The business is our only source of income, and its just surviving, but the loan is personal and the rate seems to be the same as if it were a 'normal' size unsecured loan. 

if we ask the CU to look at reducing or freezing  the interest rate on such a big debt are they likely to help? 
 As the CU loan is secured, its equally worrying as paying the mortgage on our house. in fact more so, because if they repossess we'd have no income to pay the house mortgage either. At our age getting another job in rural ireland is unlikely.
 We dont have a pension plan and will only get a basic state pension so it has to be paid before then. 

we also have credit card debt of 20k at even worse interest. we dont know who to pay first in this situation.
Has anyone any advice? Should we default on the credit cards to pay more to the CU?
like so many other posters, I cant sleep anymore for worrying about this.


----------



## RichInSpirit (18 May 2013)

I asked for zero interest on a large CU debt and eventually got it.
You may be helping them out by being on zero interest because your loan is getting paid back much quicker. Improving their books much quicker.
Maybe write them a letter pointing that out.


----------



## MsQ (19 May 2013)

Thanks for your reply. Can I ask, was your CU loan mortgaged?


----------



## RichInSpirit (19 May 2013)

No it was just unsecured debt that had built up over years, (of being able to borrow to support unprofitable activities). 

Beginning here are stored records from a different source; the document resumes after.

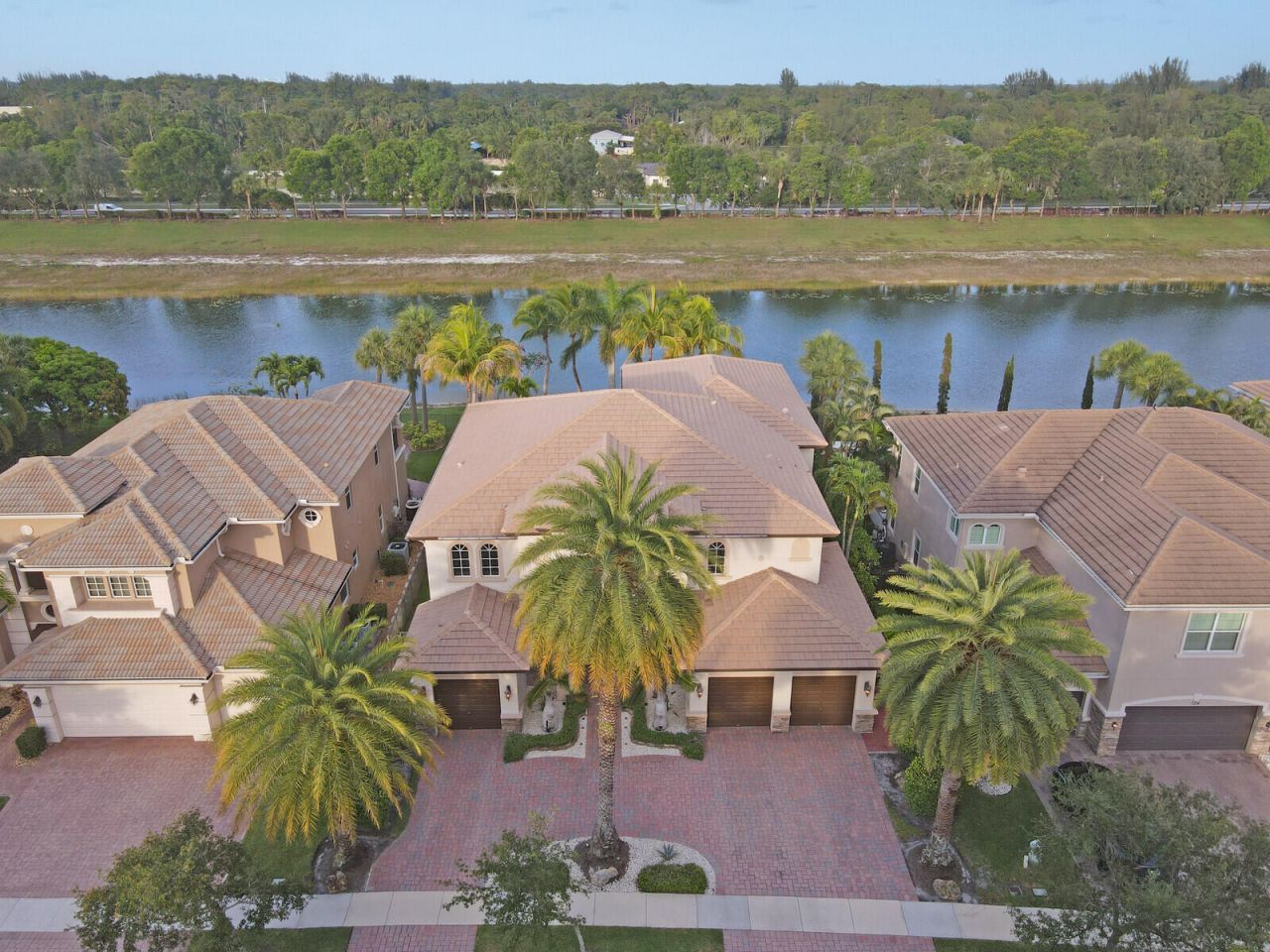 718 Edgebrook Lane, West Palm Beach, FL 33411 Photo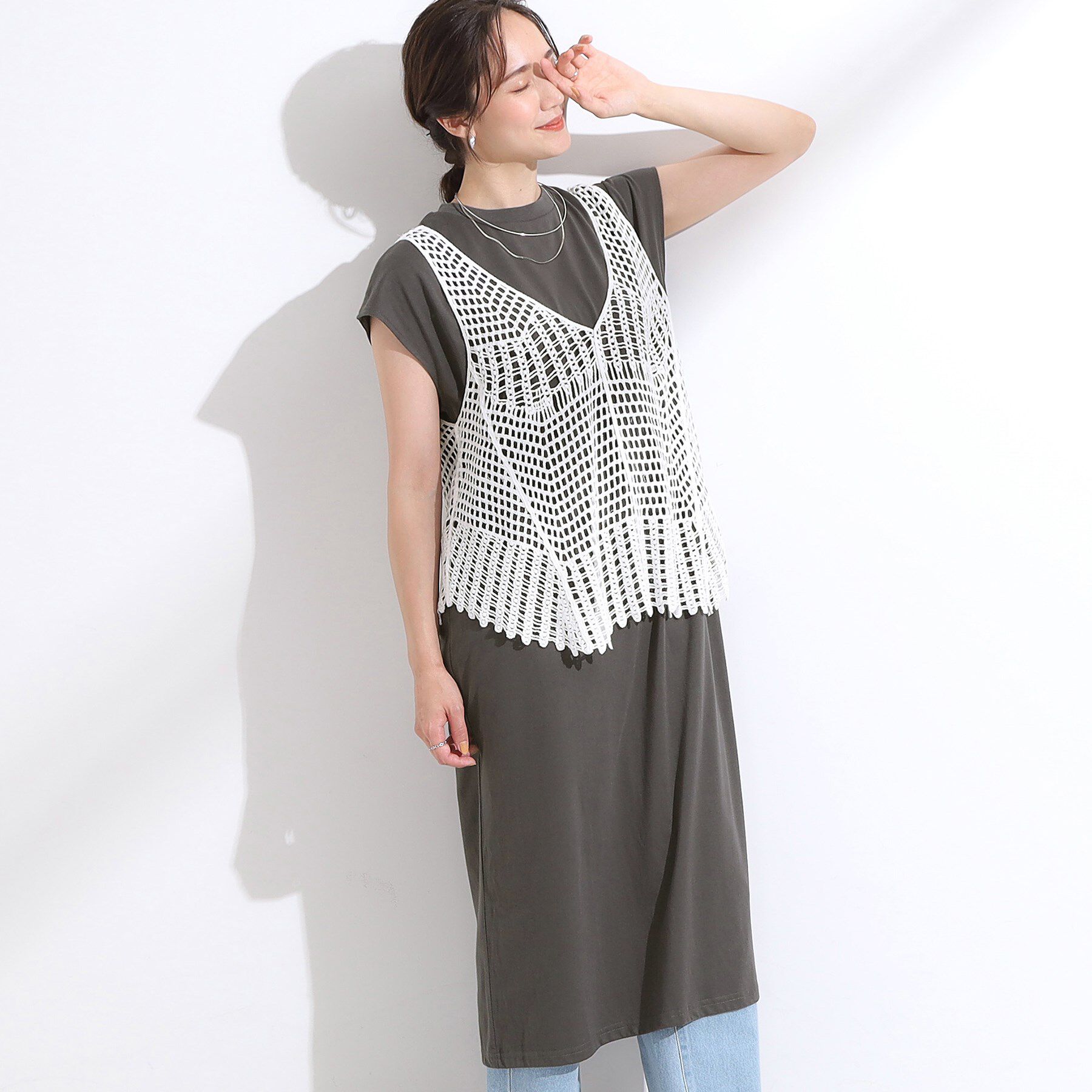 SHOO･LA･RUE「【2点セット】クロシェ編みレースベスト＋Tシャツワンピースセット」|ワンピース|チャコールグレー(0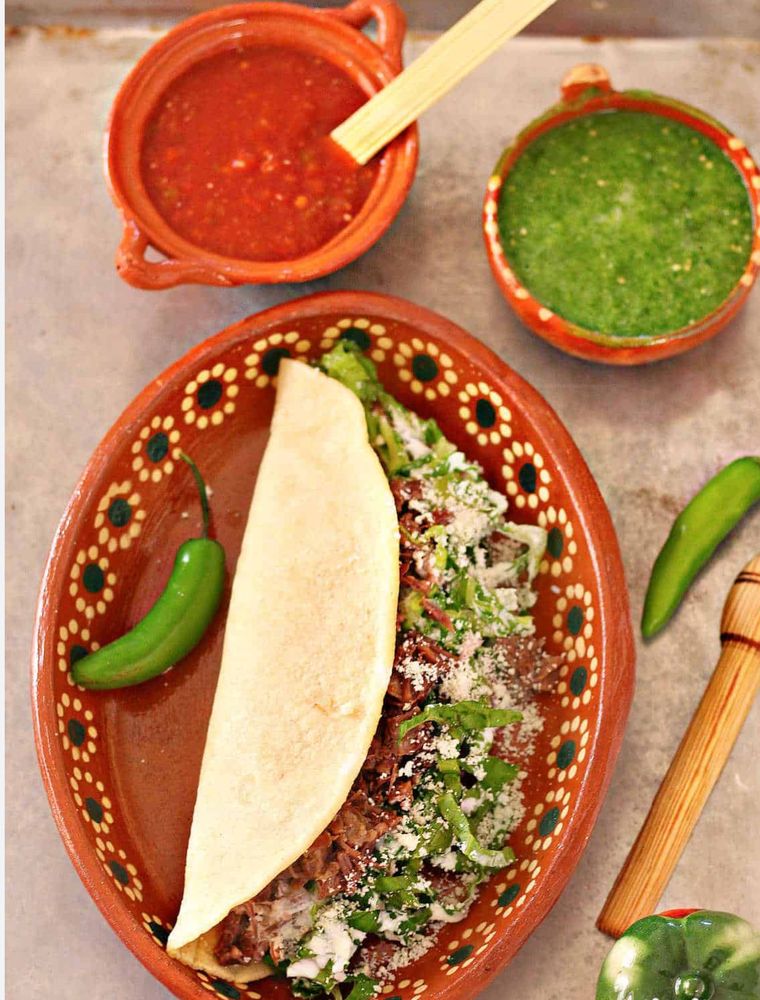️ Taqueria El Centenario Logo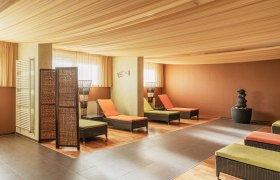 Ruheraum, © Kristina Polleres Ein Ruheraum mit Liegestühlen, Raumteilern und einem dekorativen Brunnen.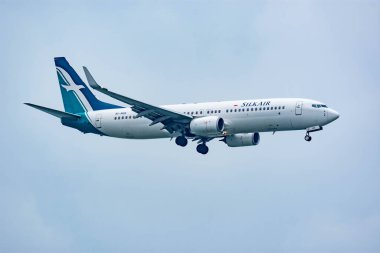 30 Mart 2020 'de Singapur' daki Changi Uluslararası Havalimanı 'na inen SILKAIR Hava Yolları uçağı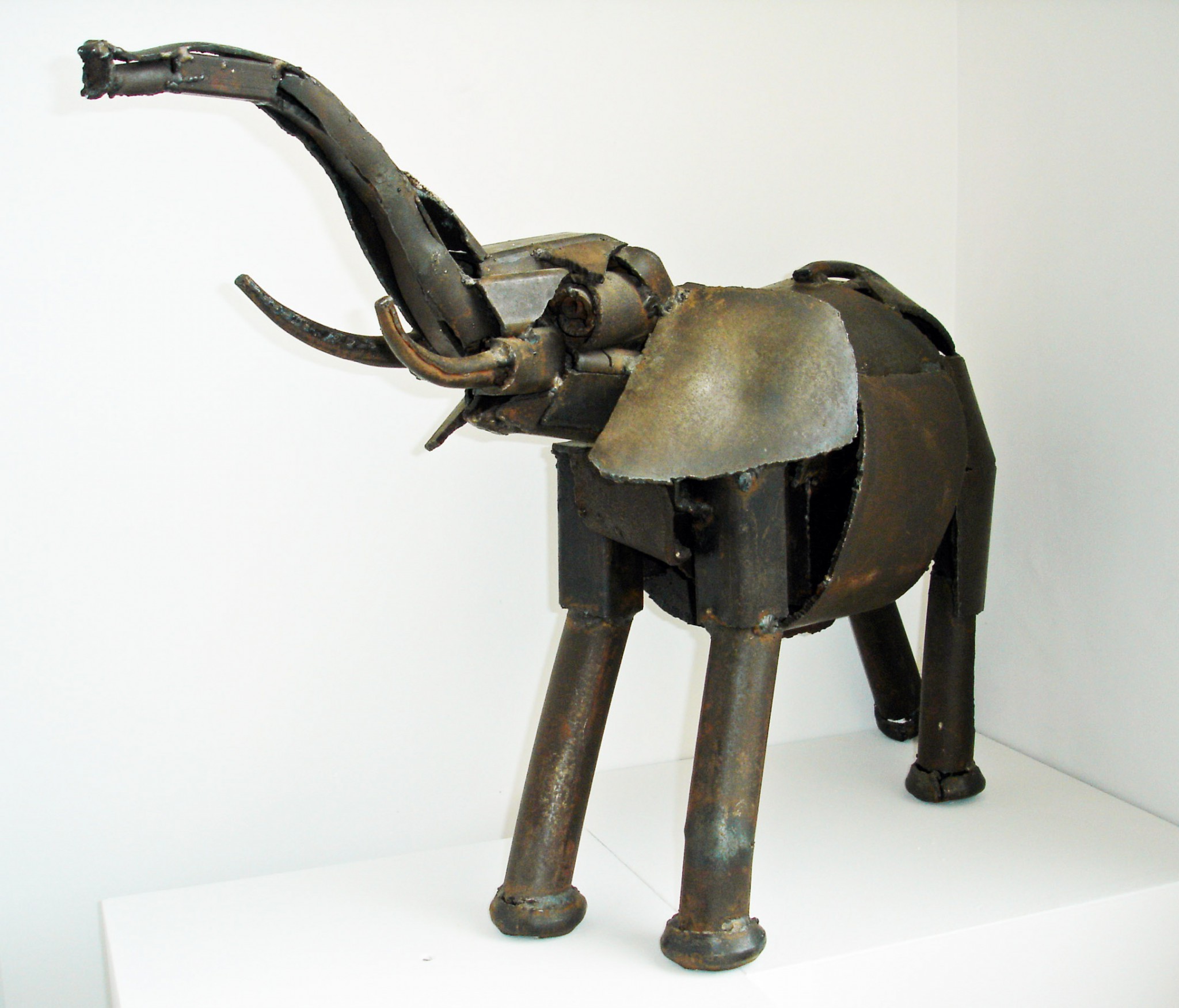 Sculpture of elephant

I wasn't even servicing all the interest on mine in the end, and I had to do something.
I'm now paying a (relatively)  small amount on it weekly, and I can see the debt reducing.

And everybody seems reasonably happy.


----------



## Brendan Burgess (20 May 2013)

Hi Ms Q

To get meaningful commentary, you should complete the Standard Format for people in arrears. 

http://www.askaboutmoney.com/showthread.php?t=170704

Brendan


----------